- WORK TASK: An exact transcription is needed, starting at the line containing "Керри у елки" and running through the last line of the records, with every picture left out.

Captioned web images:
#####

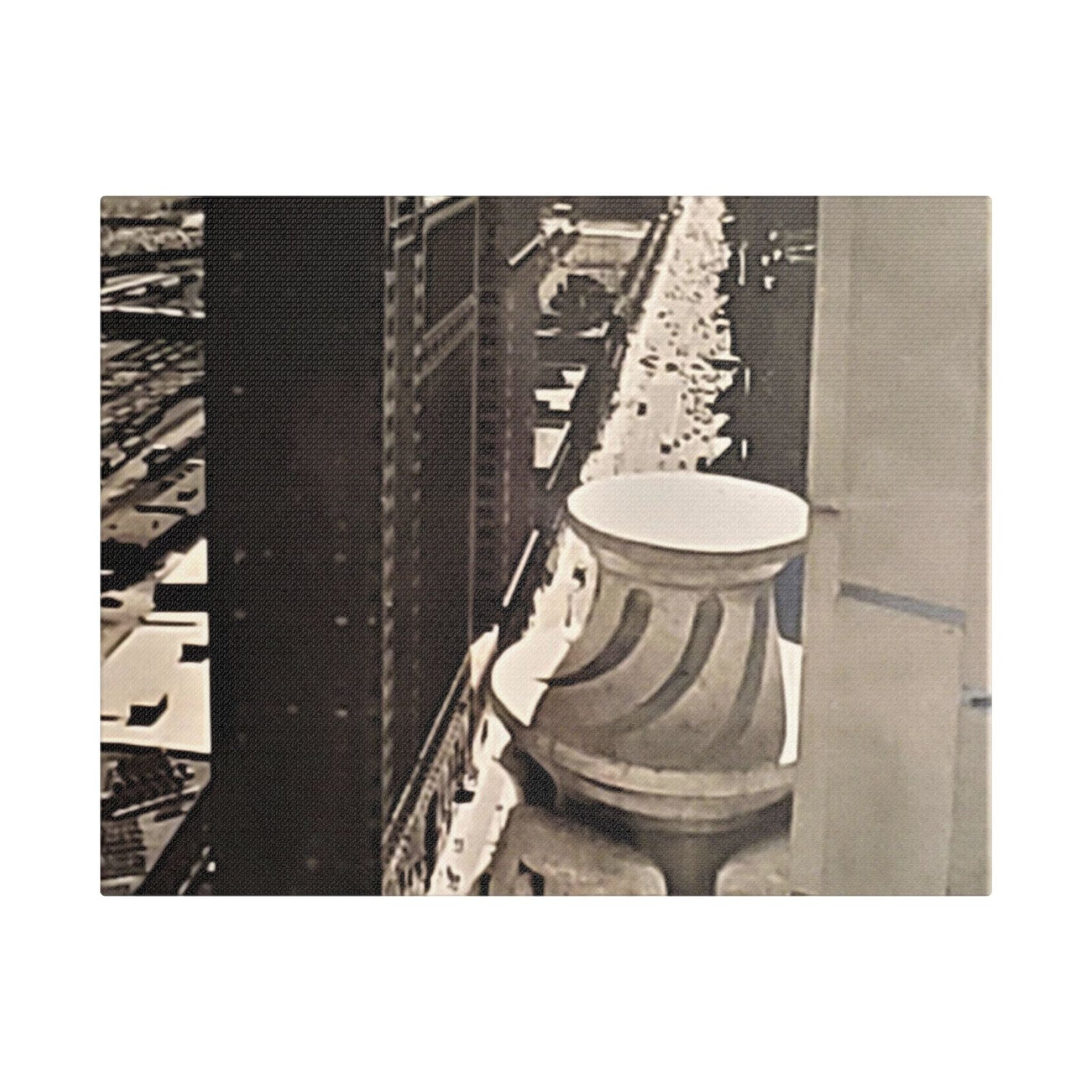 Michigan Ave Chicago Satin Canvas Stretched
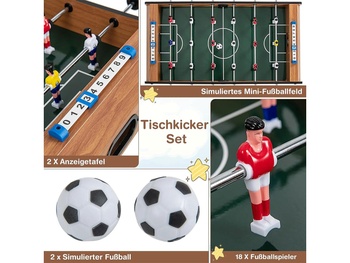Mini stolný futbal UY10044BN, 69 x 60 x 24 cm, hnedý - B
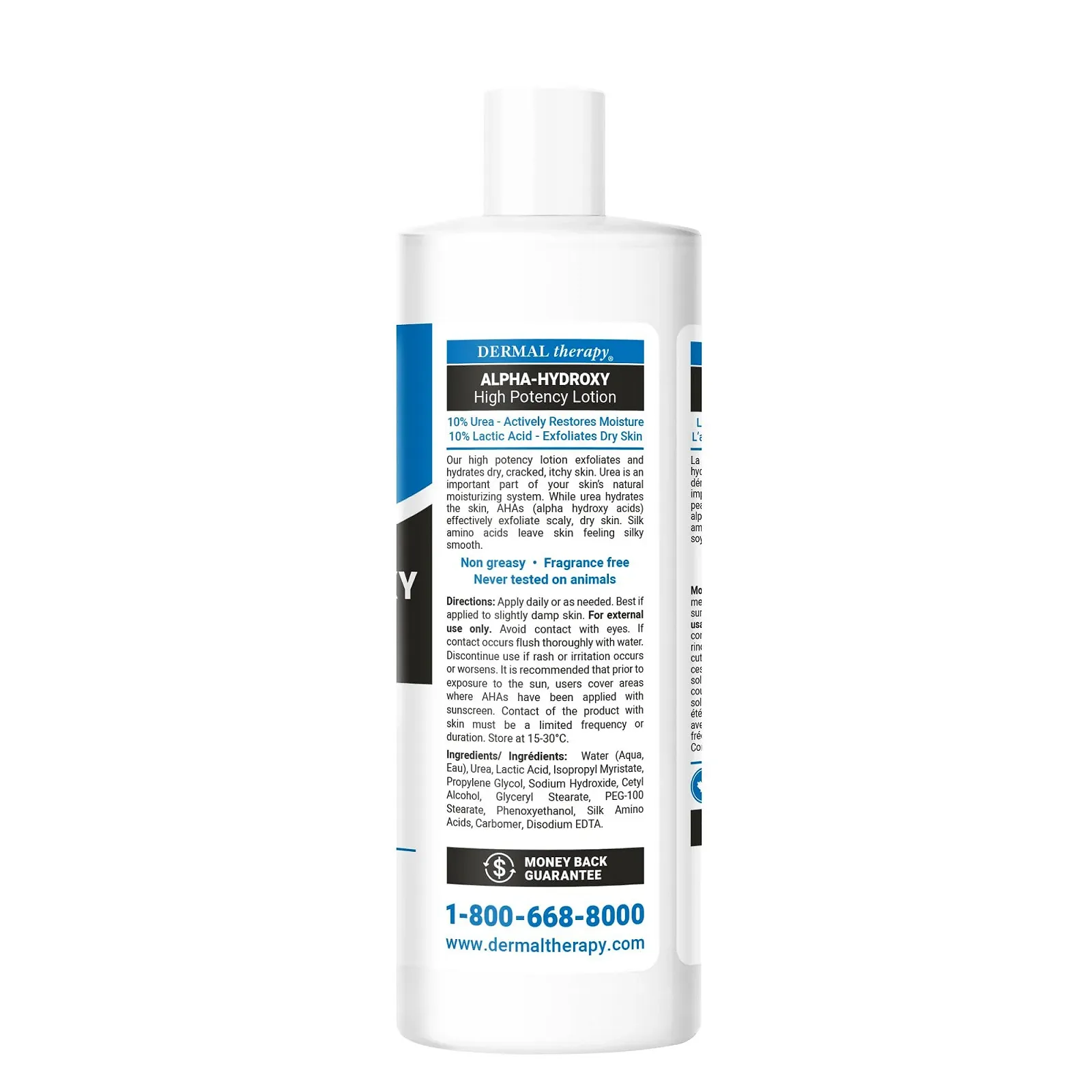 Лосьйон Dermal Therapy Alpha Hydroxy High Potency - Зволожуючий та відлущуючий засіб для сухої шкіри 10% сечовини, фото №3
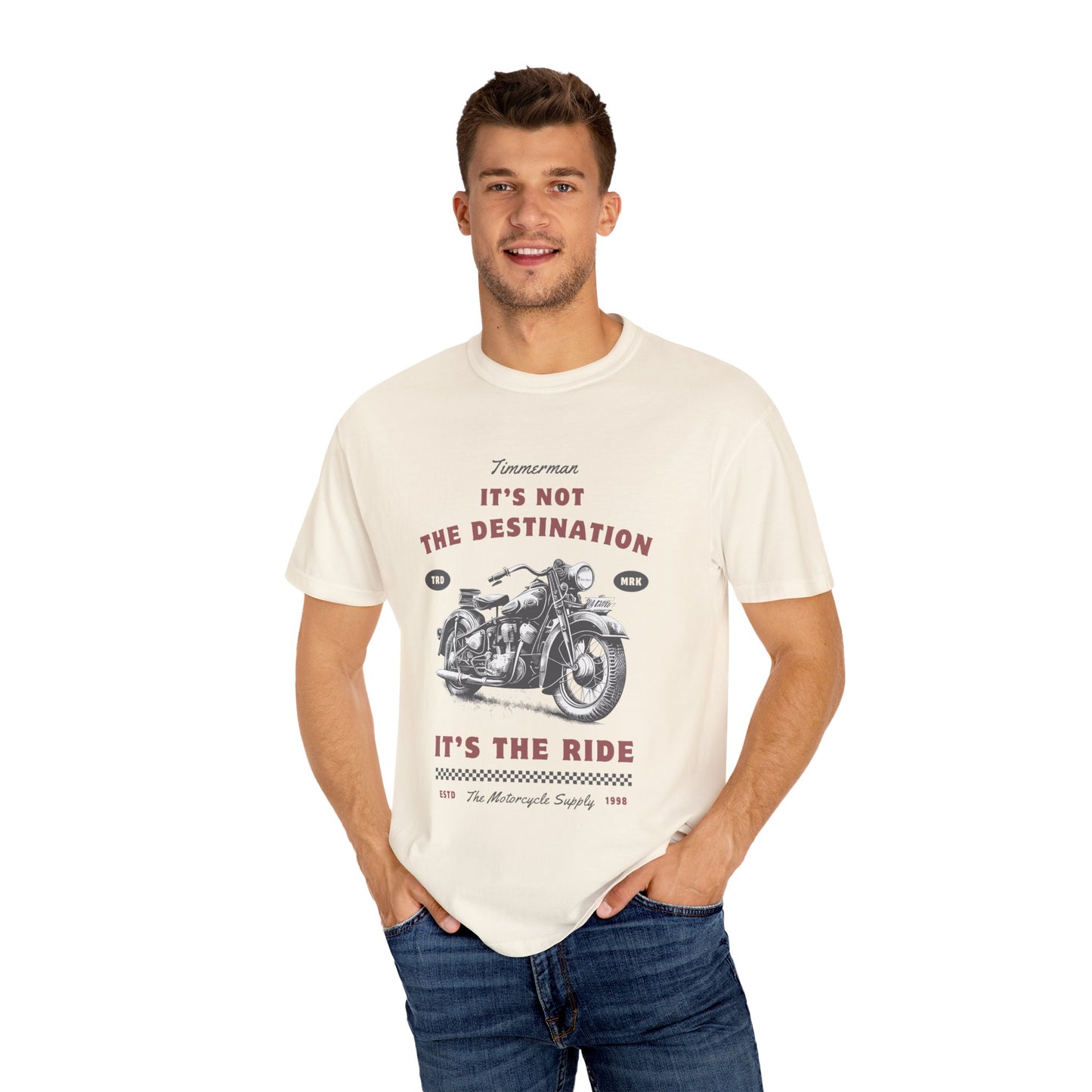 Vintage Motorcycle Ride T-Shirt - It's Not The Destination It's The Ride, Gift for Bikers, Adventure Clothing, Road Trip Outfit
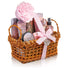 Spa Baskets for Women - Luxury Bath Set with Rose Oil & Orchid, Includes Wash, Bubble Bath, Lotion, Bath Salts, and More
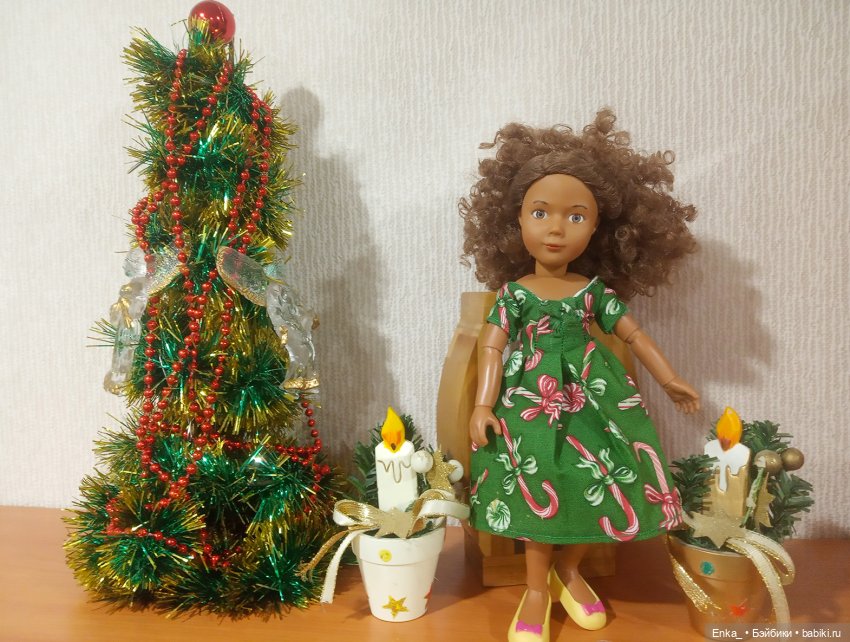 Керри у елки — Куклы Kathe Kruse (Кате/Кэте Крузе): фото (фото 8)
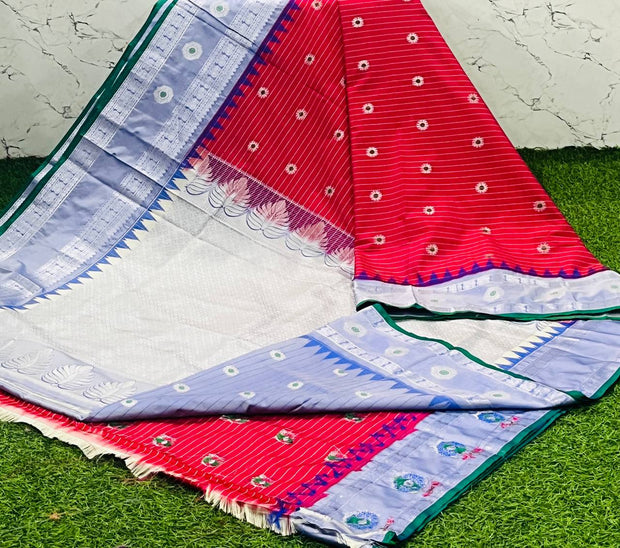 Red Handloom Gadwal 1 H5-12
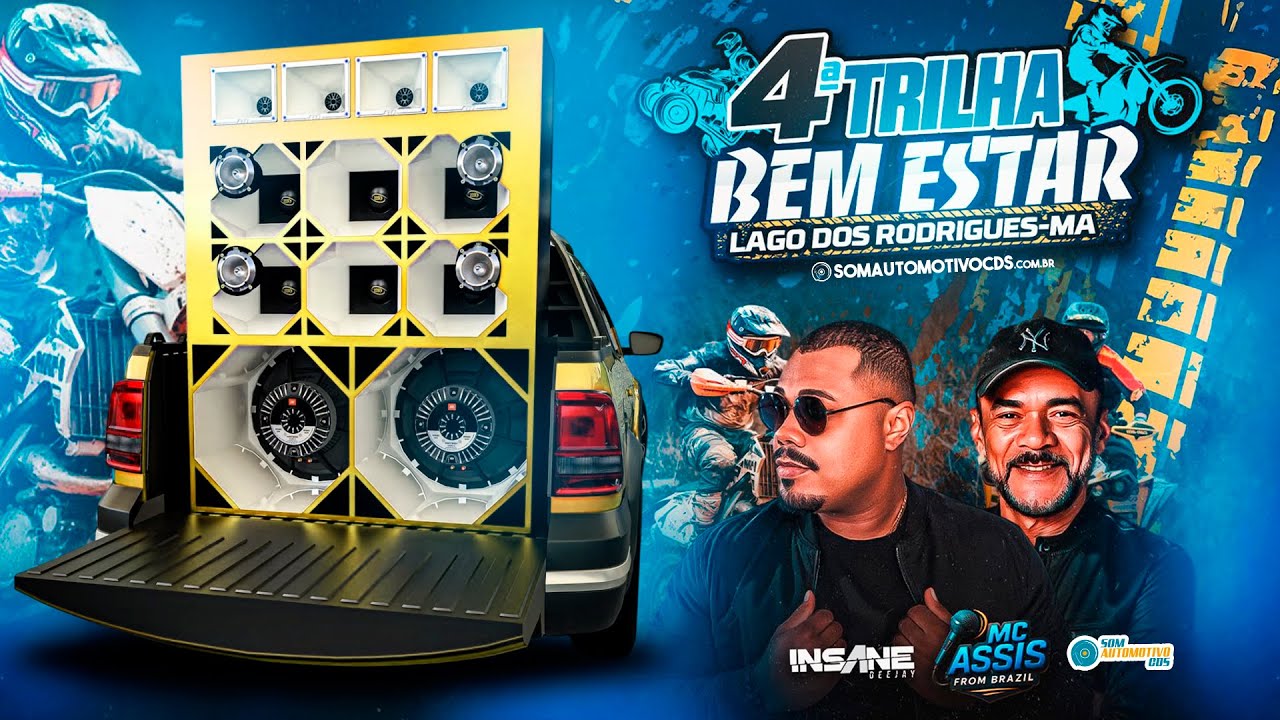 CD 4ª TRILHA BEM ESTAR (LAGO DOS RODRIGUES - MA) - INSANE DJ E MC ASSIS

#####

- ANSWER BOX:
 Керри у елки — Куклы Kathe Kruse (Кате/Кэте Крузе): фото (фото 8)
 Red Handloom Gadwal 1 H5-12
 CD 4ª TRILHA BEM ESTAR (LAGO DOS RODRIGUES - MA) - INSANE DJ E MC ASSIS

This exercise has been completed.